*** Opening of MATERIAL TO PROCESS ***

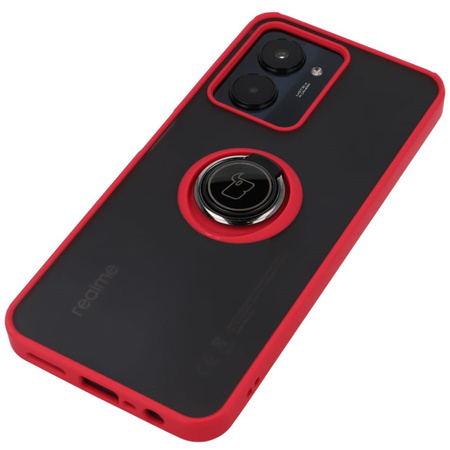 Etui z uchwytem na palec Bizon Case Hybrid Ring do Realme C33 / C30 / Narzo 50i Prime, przydymione z czerwoną ramką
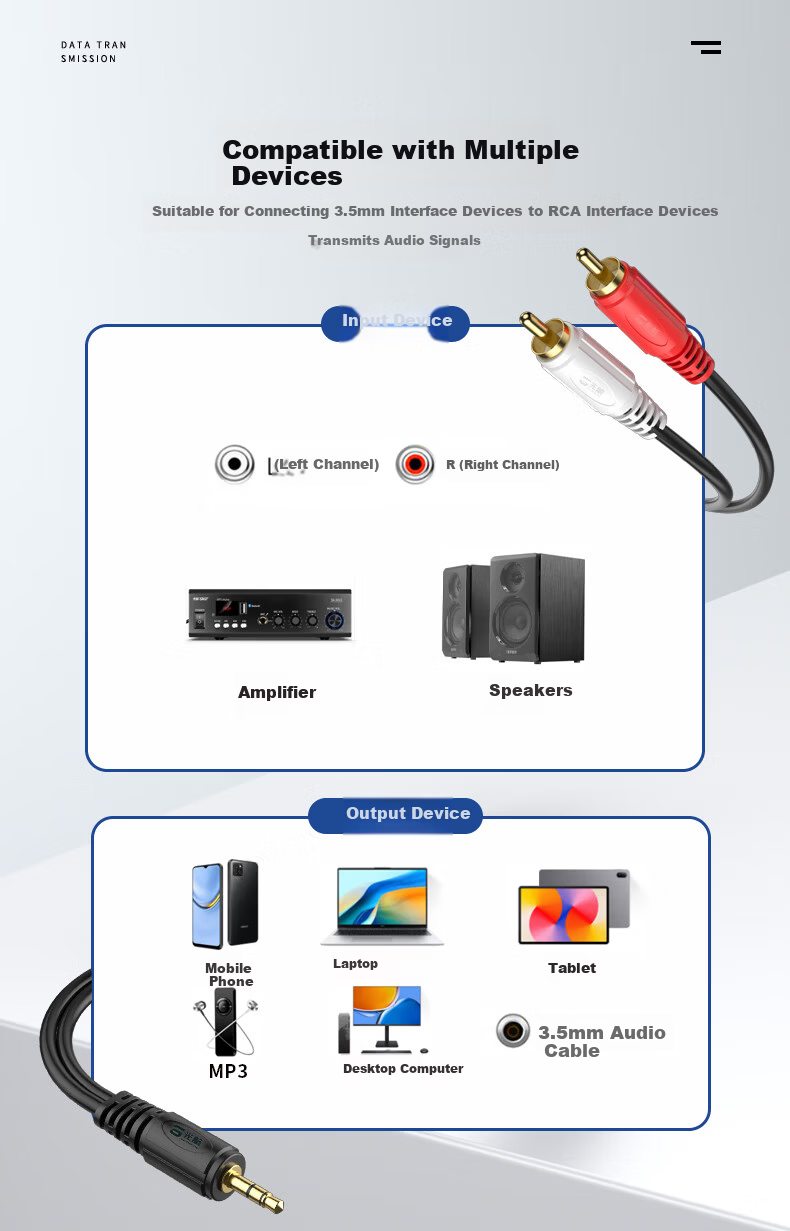 Guanghang Audiophile 3.5mm to Dual RCA Audio Cable, Stereo Splitter, 1 Meter GH-3.5-2R-1m 5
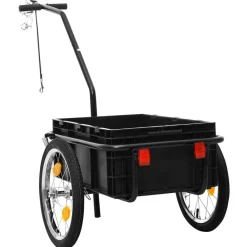 vidaXL Actividades Al Aire Libre-Remolque de bicicleta/carrito de mano acero 155x60x83 cm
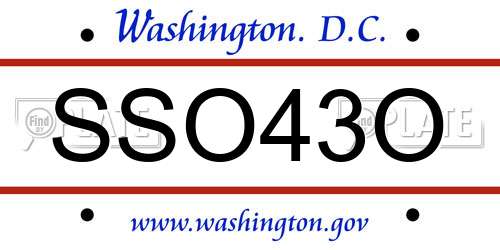 SSO43O District Of Columbia License Plate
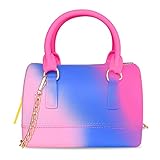 Rainbow Jelly Bag,Bright Mini Satchel Crossbody Shoulder Bag Candy Color Handbag Graffiti Purse for...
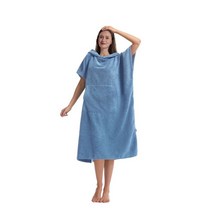 판초타월 비치가운 극세사 테리 망토 잠수복 변경 목욕 가운 비치 판초 타올 야외 스포츠 후드 주머니가 달린 드레스, [01] 85x110cm, [04] 3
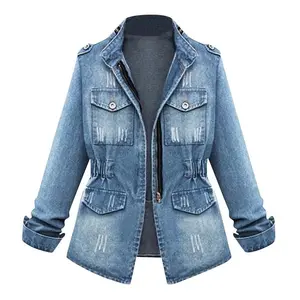 NewDenim Jacket Womens Casual Solid Casual Oversize Autumn Ladies Slim Jeans Chain Jacket Pocket Coat(gift)1123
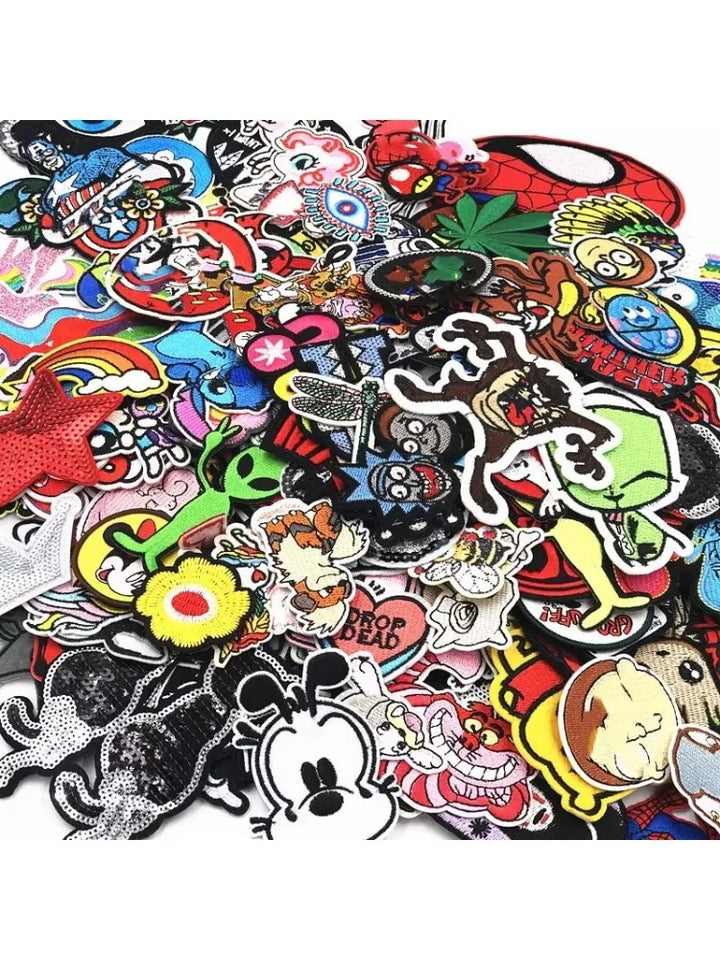 Collection of various colorful stickers on a white background
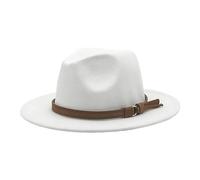 Generisch Windfall cappello da uomo e donna in stile con tesa larga e fibbia in chiffon sciarpa, bianco, Taglia unica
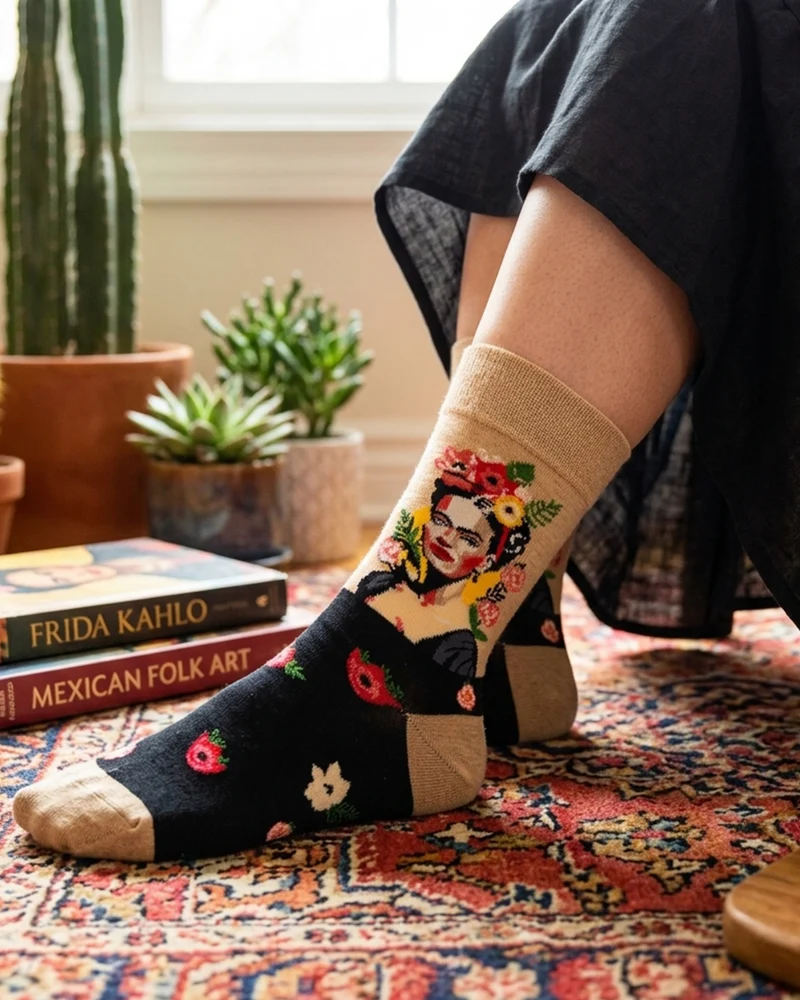 Frida Kahlo Socks Artistic Portrait Edition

*** Close of MATERIAL TO PROCESS ***

# TASK DIRECTIONS
An exact copy of the data is required, with the pictures excluded.

# REPLY
 Etui z uchwytem na palec Bizon Case Hybrid Ring do Realme C33 / C30 / Narzo 50i Prime, przydymione z czerwoną ramką
 Guanghang Audiophile 3.5mm to Dual RCA Audio Cable, Stereo Splitter, 1 Meter GH-3.5-2R-1m 5
 vidaXL Actividades Al Aire Libre-Remolque de bicicleta/carrito de mano acero 155x60x83 cm
 SSO43O District Of Columbia License Plate
 Rainbow Jelly Bag,Bright Mini Satchel Crossbody Shoulder Bag Candy Color Handbag Graffiti Purse for...
 판초타월 비치가운 극세사 테리 망토 잠수복 변경 목욕 가운 비치 판초 타올 야외 스포츠 후드 주머니가 달린 드레스, [01] 85x110cm, [04] 3
 NewDenim Jacket Womens Casual Solid Casual Oversize Autumn Ladies Slim Jeans Chain Jacket Pocket Coat(gift)1123
 Collection of various colorful stickers on a white background
 Generisch Windfall cappello da uomo e donna in stile con tesa larga e fibbia in chiffon sciarpa, bianco, Taglia unica
 Frida Kahlo Socks Artistic Portrait Edition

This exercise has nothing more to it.